# FCC: Cable 'a la Carte' Would Save Money



## sb40 (Nov 29, 2005)

http://news.yahoo.com/s/ap/20060210/ap_on_bi_ge/cable_tv_pricing


----------



## Stewart Vernon (Jan 7, 2005)

Needs a third choice:

"No, we would pay about the same but for less channels"


----------



## Geronimo (Mar 23, 2002)

or maybe "Don't know"


----------



## JM Anthony (Nov 16, 2003)

HDMe said:


> Needs a third choice:
> 
> "No, we would pay about the same but for less channels"


I suspect this is closer to reality. The companies need to cover their fixed and variable costs plus profit margins one way or another.

John


----------



## gregleg (Jan 4, 2004)

I think my own costs would go up, since I actually DO watch quite a variety of channels (not a lot off of any one channel, but a bunch of them...)


----------



## foxfan (Feb 5, 2006)

It can save you money.

In Quebec, the main cable operator is Videotron, and they offer an "à la carte" option. There's a basic package of $12/month (includes local channels, news channels, weather, etc.), then you add $22 for 20 extra channels for a total of $34 (about only 29.99 US). Also, if you just want TMN (the Canadian equivalent of HBO/SHO) along the the basic package, your total is only $24.


----------



## CCarncross (Jul 19, 2005)

The story on ABC news that aired the other night mentioned that if someone only subscribed to 17-20 channels, they would pay the same or maybe a little less, possibly between 3 and 13 percent less(whoopdie doo). Now, isnt the reason we have 150 or so channels choices in many instances was because people wanted more variety in the first place? I couldnt come up with just 20 channels, I'd still want my current package for variety. I am one that knows that many of the channels I do not watch I'm paying literally nothing for anyway, and I'm smart enough(lets face it a trained monkey is smart enough) to block any content I choose not to get....


----------



## Paul Secic (Dec 16, 2003)

CCarncross said:


> The story on ABC news that aired the other night mentioned that if someone only subscribed to 17-20 channels, they would pay the same or maybe a little less, possibly between 3 and 13 percent less(whoopdie doo). Now, isnt the reason we have 150 or so channels choices in many instances was because people wanted more variety in the first place? I couldnt come up with just 20 channels, I'd still want my current package for variety. I am one that knows that many of the channels I do not watch I'm paying literally nothing for anyway, and I'm smart enough(lets face it a trained monkey is smart enough) to block any content I choose not to get....
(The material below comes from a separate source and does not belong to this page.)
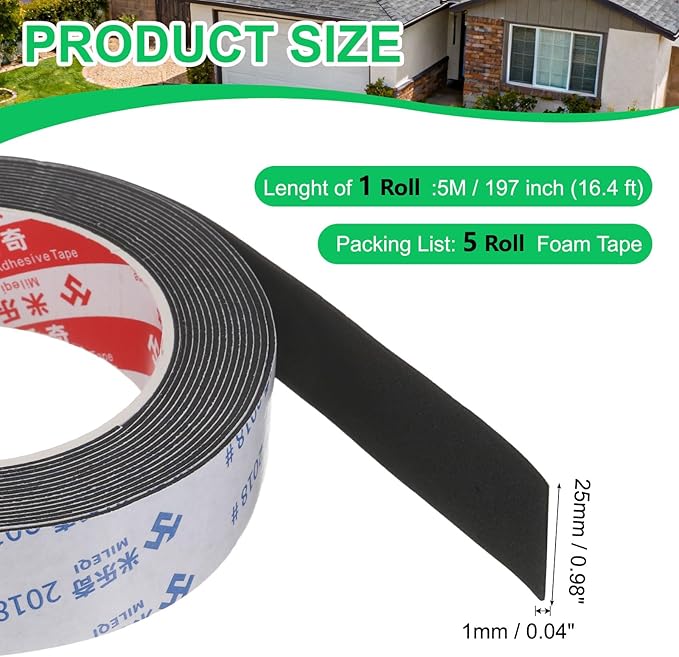 PATIKIL 5Roll Sponge Rubber Foam Tape, 63/64" W x 1/32" t x 16.4ft l Self-Adhesive Foam Insulation Tape Weather Stripping for Window Door Soundproofing Weatherstrip AC Seal Strip, Black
A la cart would be limiting. I bet people would want to add channels for a day or two & remove em. That would inflate prices.


----------



## Mike D-CO5 (Mar 12, 2003)

I posted this else where but in my opinion , Ala carte would work and most people would save money, but not with Dishnetwork. 

They would add all their "BECAUSE WE CAN" fees and nickel and dime you to death. I 'm sure that in addition to the new fees like the hd enabeling fee $6.00 and the new lease fees for $6.00 for anyone who does a dish n up upgrade they would add the new Ala carte fee of $6.00 PER RECEIVER . This in addition to the dvr fee of $5.98 and the no basic pack fee of $6.00 and the new popular no phone connected fee of $5.00 and you would quickly see the savings from Ala carte vanish. 

Maybe that would be the shake up that Dish needs though. Most people who want ala carte would quickly defect to the competition and Dish would have to rethink all of these damn fees or they would quickly put themselves out of business.


----------



## boylehome (Jul 16, 2004)

Just a thought here. If every channel offered was, "Ala Carte'," there would be much more room for bandwidth in the future because those channels that most people don't care about, hopefully would disappear. Having more bandwidth means less compression resulting in a better picture. Okay, everyone has their own tastes. Perhaps every channel would have some subscribers. If that be the case, they will have to drastically increase the subscription price for those less significant view channels just to keep them. Sounds like a Win Win or a lose lose to me.


----------